If Miles fired, John would die. If Miles shifted, the opening would be there. If Titus tried to move—

Viper pressed firmer between Titus’s shoulders without looking back. A silent stop.

The room held its breath.

Then something shifted.

Not noise. Not chaos.

Negative space.

Viper caught it in the corner of his vision—the absence of sound where sound should have been, a subtle displacement along the far wall. A presence that hadn’t been there a heartbeat ago.

Boston. Thank fuck.

He trusted his people—and Boston may have been young, but he was one of the fastest assassins Viper had ever met.

Boston slid along the wall like vapor.

Low. Slender. Barely more than a shadow slipping through shadow. His movement was so smooth it barely registered as motion at all. The knife was already in his hand—not drawn, not raised. Simply there, an extension of intent rather than muscle.

Rip froze. Rigid.

Miles never looked back.

His attention stayed locked on Viper. On the guns. On the man who refused to give him fear, retreat, or negotiation.

Boston rose up and struck from behind.

One arm locked around Miles’s shoulders, tight and absolute, cutting off air and sound in the same instant.
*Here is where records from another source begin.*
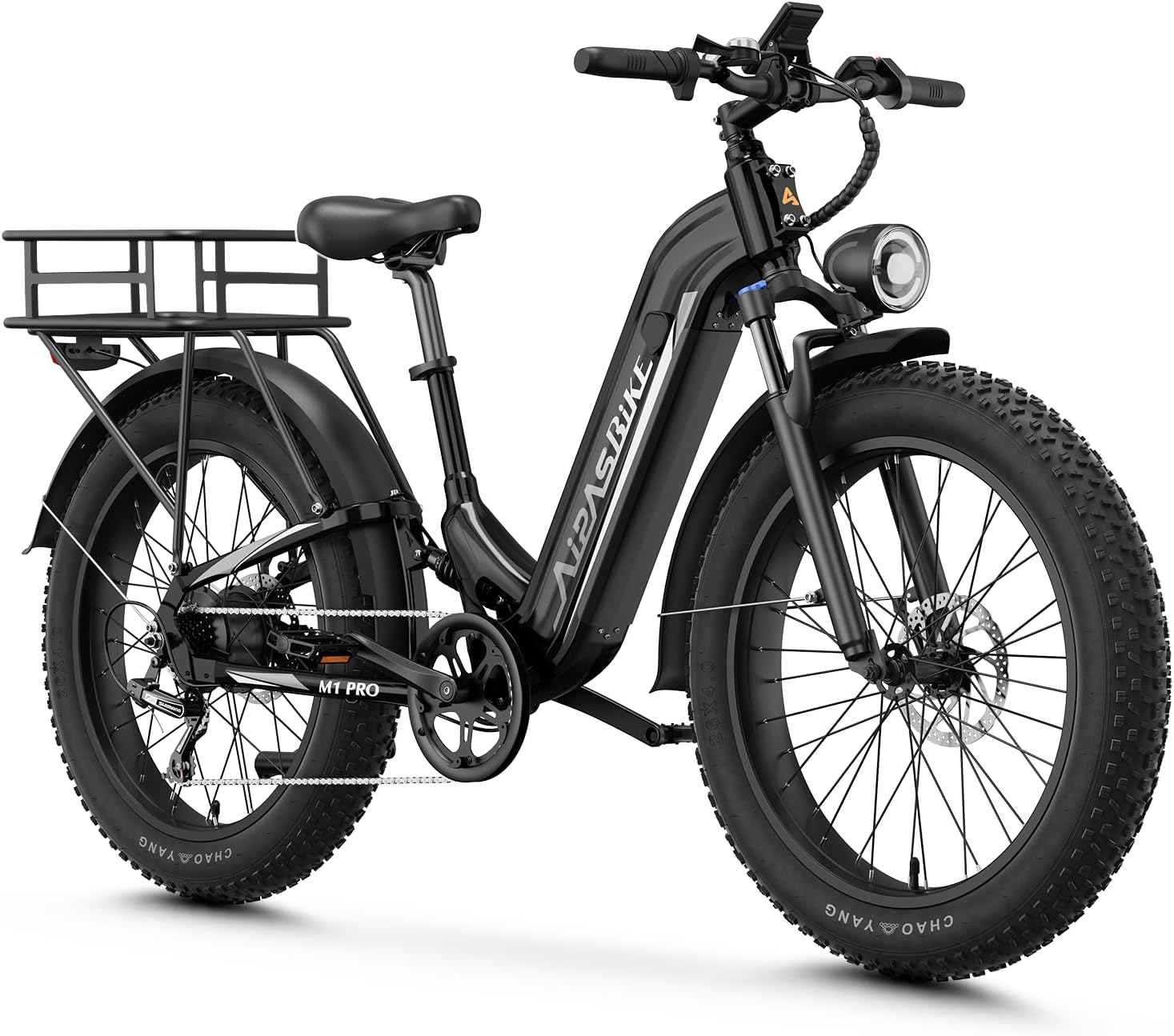 Aipas M1 Pro Electric Bike, 1800W Peak Motor Electric Bike for Adults, 48V 17.5Ah, 26'' x 4.0'' Fat Tire Electric Mountain Bike, Ebike with 85 Miles, 36MPH, 7 Speed 110Nm and Dual Suspension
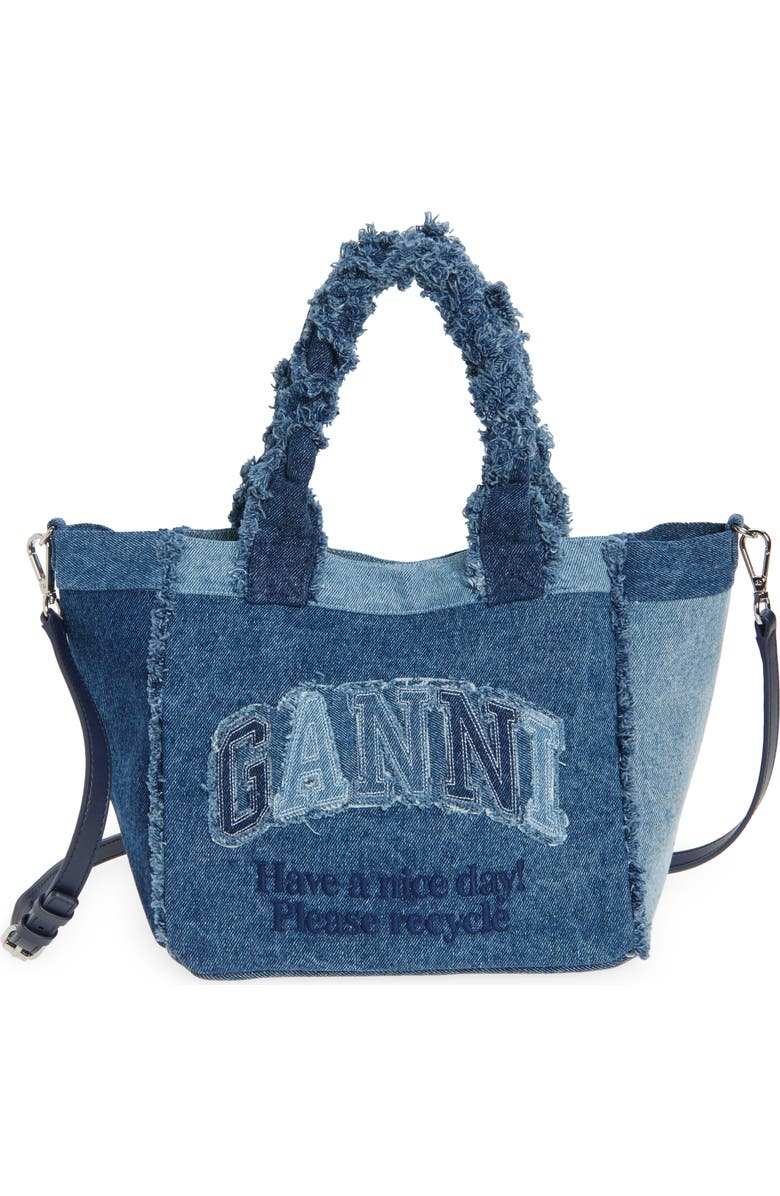 Ganni Small Trapeze Denim Shopper Bag, Main, color, Dark Blue Vintage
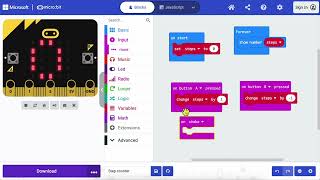 micro:bit - Step Counter (Selection & Variables)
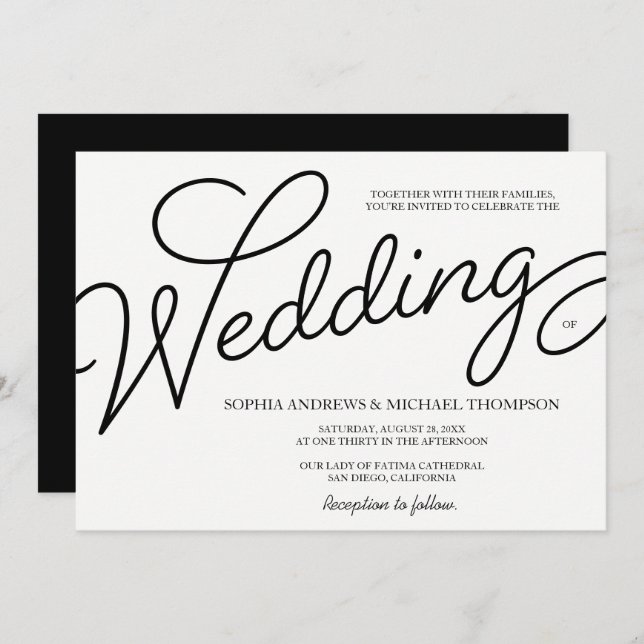 Romantic Simple Wedding black and white Invitation (Front/Back)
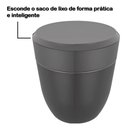 Ver imagem 2 de Lixeira para Pia Cozinha 2,5l Crippa Redonda com Aro Interno Pequena Cinza Tornado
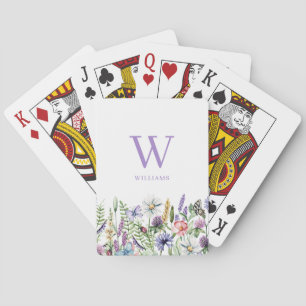 Baraja De Cartas Flor silvestre floral Monograma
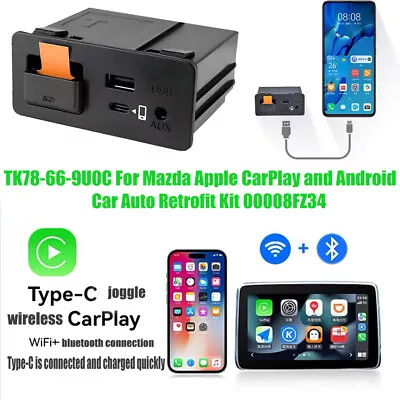 For Mazda TK78-66-9U0C 00008FZ34 Wireless Carplay Adapter Retrofit Kit USB HUB • $110.99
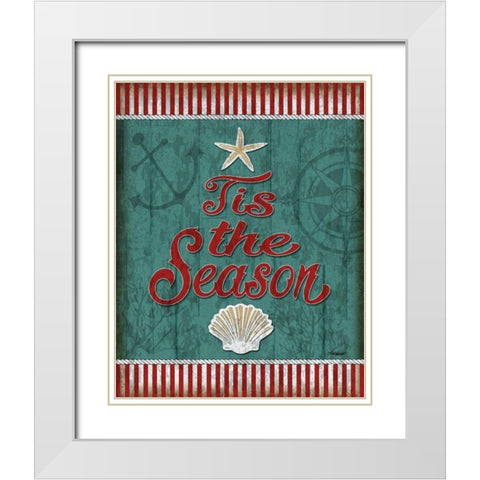 Tis the Season White Modern Wood Framed Art Print with Double Matting by Williams, Todd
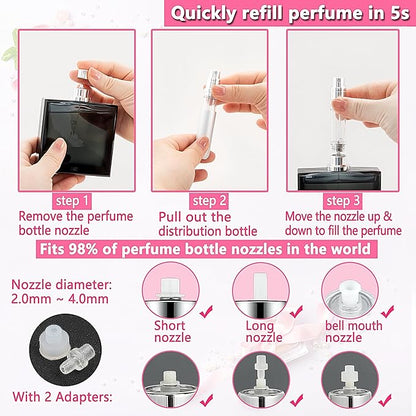 Travel Perfume Atomizer Refillable Bottle - 5ML Leakproof Luxury Travel Perfume Atomizer, Refillable Perfume Spray Bottle for Women (Silver)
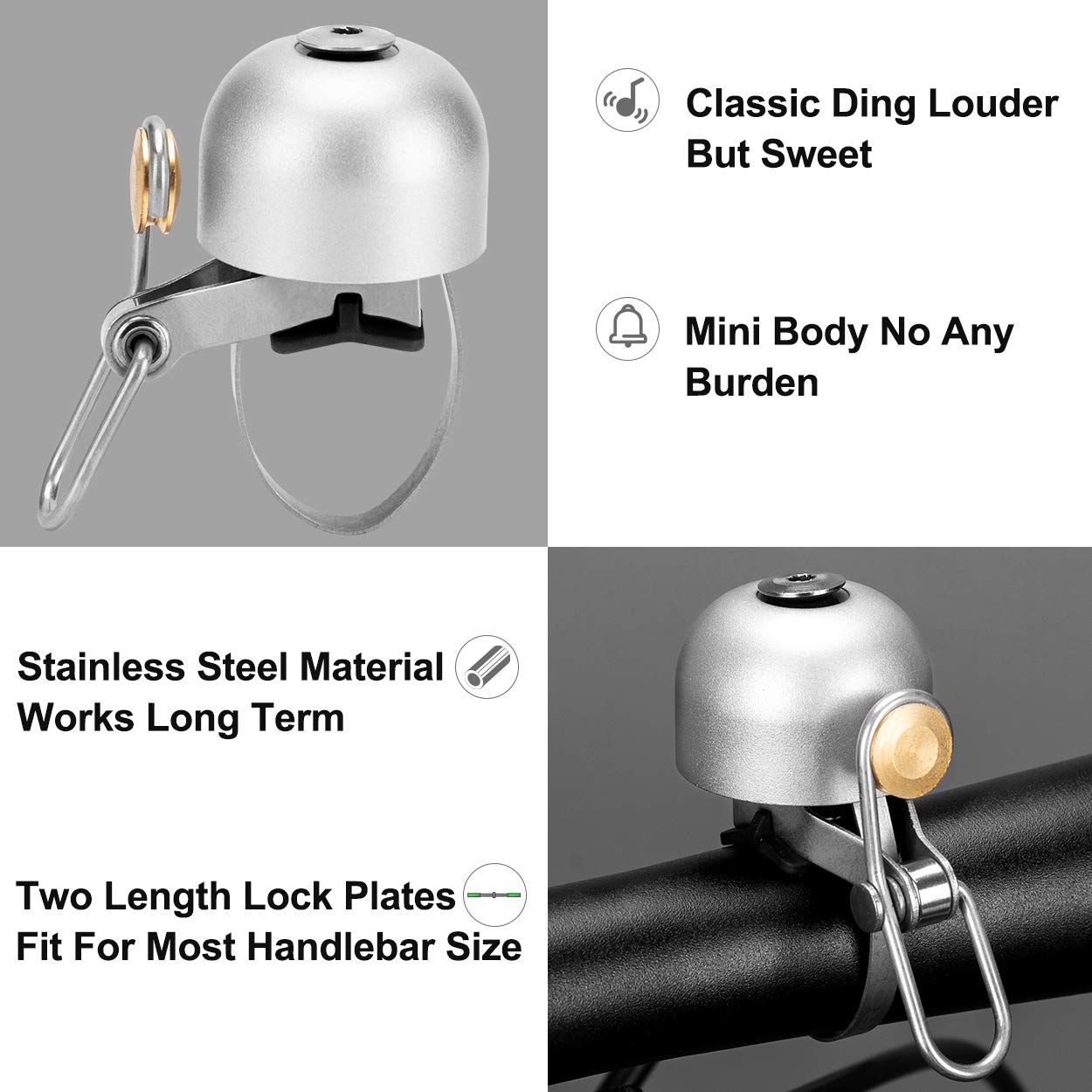 ROCKBROS Classic Bicycle Bell - Loud Bike Horn for Road & Mountain Bikes | Durable Handlebar Bell for Adults | Perfect for Commuting, Cycling Safety & Outdoor Adventures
The blade flashed once—clean, precise, devastating. It opened Miles’s throat from ear to ear with surgical finality.

Blood hit the floor in a heavy splash.

The gun slipped from dead fingers and clattered uselessly across tile.

Miles collapsed in a boneless heap, his grip loosening as gravity took over. John stumbled free, choking and gasping, barely upright, hands scrabbling at his own chest as if to confirm he was still alive.

Boston was already gone.

The shadow swallowed him whole, leaving no trace but the body cooling on the floor.

Rip charged hot on the boy’s tail.

Silence followed.

Not stunned. Not shocked.

Controlled.

Viper released Titus just long enough to ease him to his feet.

He caught Titus by the back of the head, fingers firm in his hair, forcing him to stay still while his eyes swept the wound. Blood soaked through fabric, dark and spreading, but it wasn’t pulsing. Not arterial. Not catastrophic.

“How bad?” Viper asked quietly.

“I’m upright,” Titus said, breath tight but steady. “But I probably need to get looked at.”